July 22 – Argentina has resorted to importing LNG for the Southern Hemisphere winter as domestic production at the vast Vaca Muerta shale formation fell in the first half of 2020. State-owned IEASA purchased 28 LNG cargoes at average prices of $2.87 million British thermal units (mmBtu).

GE to implement air quality control systems in India

July 21 – GE Power India Ltd (GEPIL) has won three contracts with a combined value of $112.57 million to supply air quality control systems. One semi-dry flue-gas desulfurization (FDG) unit will be installed for Hindalco Industries’ 1x150MW power plant at the Aditya aluminium smelter in Sambalpur. A wet FDGs system will be installed on behalf of NTPC for their Feroze Gandhi Unchahar thermal power plant (2x210MW plus 2x210 MW plus 1x210MW units) in Rae Bareli, Uttar Pradesh.

Wärtsilä CEO sees “tough” H2 ahead

July 20 – Wärtsilä CEO Jaakko Eskola has told analysts he sees a “tough second half of the year ahead,” as the Finish manufacturer seeks to mitigate Covid-related business disruptions. In the segment of up to 500 MW, Wärtsilä’s market share fell from 9% to 8%, while orders for gas- and liquid- power plants increased by 1% to 17.8 GW during the twelve-month period ending in March 2020.

GE launches update to digital plant software

July 17 – GE Digital has unveiled updates to its digital power plant software: Proficy Plant Applications, Proficy Operations Hub, Proficy Historian, and Proficy CSense.

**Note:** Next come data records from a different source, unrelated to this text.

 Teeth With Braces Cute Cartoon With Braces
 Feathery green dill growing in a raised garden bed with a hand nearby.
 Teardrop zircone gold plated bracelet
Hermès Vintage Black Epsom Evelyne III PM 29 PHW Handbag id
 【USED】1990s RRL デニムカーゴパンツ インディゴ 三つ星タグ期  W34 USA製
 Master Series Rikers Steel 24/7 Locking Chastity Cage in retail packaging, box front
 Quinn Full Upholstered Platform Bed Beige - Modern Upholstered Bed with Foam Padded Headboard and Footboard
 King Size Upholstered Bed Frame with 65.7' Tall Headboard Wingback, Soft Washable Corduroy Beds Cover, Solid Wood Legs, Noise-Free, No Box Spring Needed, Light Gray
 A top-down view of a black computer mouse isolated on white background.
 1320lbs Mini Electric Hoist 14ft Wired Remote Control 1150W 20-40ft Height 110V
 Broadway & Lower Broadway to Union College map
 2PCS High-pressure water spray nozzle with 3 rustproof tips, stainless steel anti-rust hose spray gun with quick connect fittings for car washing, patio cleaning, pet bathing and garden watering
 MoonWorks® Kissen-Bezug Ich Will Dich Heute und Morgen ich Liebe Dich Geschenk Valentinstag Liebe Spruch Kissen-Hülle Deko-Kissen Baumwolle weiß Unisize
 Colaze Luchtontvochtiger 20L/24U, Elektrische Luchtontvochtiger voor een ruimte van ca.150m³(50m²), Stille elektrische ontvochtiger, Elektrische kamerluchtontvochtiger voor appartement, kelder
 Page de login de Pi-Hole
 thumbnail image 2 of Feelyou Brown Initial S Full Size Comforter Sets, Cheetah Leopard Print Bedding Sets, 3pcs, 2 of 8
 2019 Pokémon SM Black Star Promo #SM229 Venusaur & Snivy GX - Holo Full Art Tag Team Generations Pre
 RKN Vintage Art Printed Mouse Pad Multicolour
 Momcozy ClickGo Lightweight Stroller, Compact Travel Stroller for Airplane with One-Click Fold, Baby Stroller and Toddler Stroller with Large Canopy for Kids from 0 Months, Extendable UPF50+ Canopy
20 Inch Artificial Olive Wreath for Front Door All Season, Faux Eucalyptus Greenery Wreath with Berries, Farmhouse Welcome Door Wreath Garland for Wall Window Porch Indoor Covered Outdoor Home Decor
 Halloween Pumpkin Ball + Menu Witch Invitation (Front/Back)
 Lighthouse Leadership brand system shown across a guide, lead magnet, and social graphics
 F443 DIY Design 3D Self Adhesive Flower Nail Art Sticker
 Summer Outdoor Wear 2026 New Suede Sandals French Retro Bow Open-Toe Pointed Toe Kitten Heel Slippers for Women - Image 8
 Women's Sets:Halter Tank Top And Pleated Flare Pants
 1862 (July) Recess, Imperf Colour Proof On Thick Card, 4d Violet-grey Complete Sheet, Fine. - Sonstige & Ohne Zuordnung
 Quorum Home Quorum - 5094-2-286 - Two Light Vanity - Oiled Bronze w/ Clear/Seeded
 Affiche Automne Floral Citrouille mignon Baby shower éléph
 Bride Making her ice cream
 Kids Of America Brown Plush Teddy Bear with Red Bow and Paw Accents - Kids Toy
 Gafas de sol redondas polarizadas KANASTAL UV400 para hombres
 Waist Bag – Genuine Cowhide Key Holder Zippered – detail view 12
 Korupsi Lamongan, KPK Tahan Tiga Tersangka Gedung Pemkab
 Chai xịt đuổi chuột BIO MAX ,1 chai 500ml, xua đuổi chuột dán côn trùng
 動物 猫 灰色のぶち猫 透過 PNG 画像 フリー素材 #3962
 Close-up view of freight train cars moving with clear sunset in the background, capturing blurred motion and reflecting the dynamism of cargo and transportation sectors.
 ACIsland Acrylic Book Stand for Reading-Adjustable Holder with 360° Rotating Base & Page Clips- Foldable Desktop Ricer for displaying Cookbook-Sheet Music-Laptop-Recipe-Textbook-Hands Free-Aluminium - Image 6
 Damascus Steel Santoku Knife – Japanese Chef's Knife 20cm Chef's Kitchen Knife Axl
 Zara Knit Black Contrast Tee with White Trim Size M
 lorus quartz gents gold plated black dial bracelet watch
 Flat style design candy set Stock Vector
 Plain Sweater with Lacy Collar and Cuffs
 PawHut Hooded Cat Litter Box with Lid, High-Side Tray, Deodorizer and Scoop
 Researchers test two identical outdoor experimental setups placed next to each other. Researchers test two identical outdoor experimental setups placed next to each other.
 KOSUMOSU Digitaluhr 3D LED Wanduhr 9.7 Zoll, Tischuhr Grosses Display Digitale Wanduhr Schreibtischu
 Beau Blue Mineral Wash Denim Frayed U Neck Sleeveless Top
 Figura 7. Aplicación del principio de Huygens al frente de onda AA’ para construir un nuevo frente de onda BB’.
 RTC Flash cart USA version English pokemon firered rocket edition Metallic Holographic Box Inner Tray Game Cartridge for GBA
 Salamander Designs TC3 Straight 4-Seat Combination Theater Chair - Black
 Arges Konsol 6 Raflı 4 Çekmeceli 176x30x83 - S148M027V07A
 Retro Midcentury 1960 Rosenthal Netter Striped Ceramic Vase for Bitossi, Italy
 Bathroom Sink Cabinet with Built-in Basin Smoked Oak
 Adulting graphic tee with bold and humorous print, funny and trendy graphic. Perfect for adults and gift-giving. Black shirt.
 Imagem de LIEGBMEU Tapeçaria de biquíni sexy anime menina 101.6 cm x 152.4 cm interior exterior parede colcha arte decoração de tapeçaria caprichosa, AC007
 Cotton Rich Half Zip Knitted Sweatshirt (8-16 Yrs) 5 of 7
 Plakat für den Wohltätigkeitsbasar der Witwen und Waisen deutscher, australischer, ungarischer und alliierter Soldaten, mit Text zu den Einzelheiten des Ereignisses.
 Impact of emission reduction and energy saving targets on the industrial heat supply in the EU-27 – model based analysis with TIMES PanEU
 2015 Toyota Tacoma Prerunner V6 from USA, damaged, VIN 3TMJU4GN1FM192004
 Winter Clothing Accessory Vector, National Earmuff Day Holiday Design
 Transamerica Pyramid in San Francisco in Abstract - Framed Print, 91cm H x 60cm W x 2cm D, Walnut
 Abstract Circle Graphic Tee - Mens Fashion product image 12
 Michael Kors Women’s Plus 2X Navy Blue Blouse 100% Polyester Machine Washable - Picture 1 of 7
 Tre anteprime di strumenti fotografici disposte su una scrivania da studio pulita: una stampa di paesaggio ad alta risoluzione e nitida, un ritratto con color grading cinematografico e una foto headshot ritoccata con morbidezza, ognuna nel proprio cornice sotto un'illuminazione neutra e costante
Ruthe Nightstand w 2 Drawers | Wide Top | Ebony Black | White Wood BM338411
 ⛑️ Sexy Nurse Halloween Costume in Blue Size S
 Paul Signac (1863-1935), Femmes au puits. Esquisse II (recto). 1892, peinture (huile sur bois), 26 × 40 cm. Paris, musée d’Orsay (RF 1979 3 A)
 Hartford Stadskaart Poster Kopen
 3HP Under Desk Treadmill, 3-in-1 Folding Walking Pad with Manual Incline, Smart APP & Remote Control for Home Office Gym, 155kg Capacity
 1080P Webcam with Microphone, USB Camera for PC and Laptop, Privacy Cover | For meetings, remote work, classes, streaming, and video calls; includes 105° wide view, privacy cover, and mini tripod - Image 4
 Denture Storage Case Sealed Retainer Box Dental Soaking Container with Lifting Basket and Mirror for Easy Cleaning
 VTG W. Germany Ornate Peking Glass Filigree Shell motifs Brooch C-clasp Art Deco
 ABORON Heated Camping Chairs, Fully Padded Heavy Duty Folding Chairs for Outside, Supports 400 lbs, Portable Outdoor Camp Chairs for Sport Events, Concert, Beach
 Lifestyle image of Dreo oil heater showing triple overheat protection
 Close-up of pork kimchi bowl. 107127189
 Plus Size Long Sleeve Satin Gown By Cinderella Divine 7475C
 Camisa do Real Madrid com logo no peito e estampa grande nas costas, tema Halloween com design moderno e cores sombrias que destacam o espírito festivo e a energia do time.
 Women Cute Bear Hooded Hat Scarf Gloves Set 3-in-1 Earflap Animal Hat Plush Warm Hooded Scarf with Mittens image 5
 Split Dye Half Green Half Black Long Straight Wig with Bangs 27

The software accelerates digitization for industries and integrates related onsite power generation units.

Germany EEG fund slips into the red

July 16 – Germany's green energy fund, funded through the renewable energy surcharge (EEG levy), has slipped into the red for the first time since 2013, according to TSO data. The account, funded by end-customers through a surcharge on their power bill, fell from about €2 billion in available funds to €-1.16 billion in the first six months of 2020.

China seen overtake Japan as worlds’ largest LNG buyer by 2025

July 15 – The International Energy Agency (IEA) expects China to overtake Japan as the world’s biggest LNG buyer with imports of 128 Bcm a year by 2025, equivalent to around 174 million tonnes. However, IEA analysts cautioned this scenario is “highly dependent on China’s future policy direction” and whether that includes an ongoing push for coal-to-gas switching for industry, residential heating and power generation.

IEA stages Clean Energy Transitions Summit

July 14 – Ministers from dozens of countries, accounting for over 80% of the world economy, have participated in the first Clean Energy Transitions Summit organised by the International Energy Agency (IEA). Dr Fatih Birol, the IEA’s Executive Director, said there “clearly is momentum” behind a sustainable recovery from the economic impacts of the Covid-19 pandemic. Participants agreed to reconvene in mid-2021.

Siemens Energy to exit coal

Jul 13 – Newly formed technology company Siemens Energy wants to phase-out any operations and technology to related to coal-fired power generation, CEO Joe Kaeser said, without giving a specific timeline. Siemens had been harshly criticised earlier this year for participating in the Adani coal mine project in Australia.

Statkraft, GE enhance GB grid stability

July 10 – Statkraft and GE Power Conversion are working together to stabilise Britain’s power grid. To that end, GE will manufacture and install two Rotating Stabiliser synchronous machines at Statkraft’s site in Keith, Moray. Statkraft was awarded four stability contracts (two at Keith and two at Lister Drive) by National Grid ESO (NGESO) earlier this year.

Siemens Energy spin-off approved

July 9 – A large majority of Siemens shareholders have voted to approve the spin-off of the company’s energy business. The spin-off was approved by 99.36 percent of capital stock represented at today’s extraordinary shareholders’ meeting.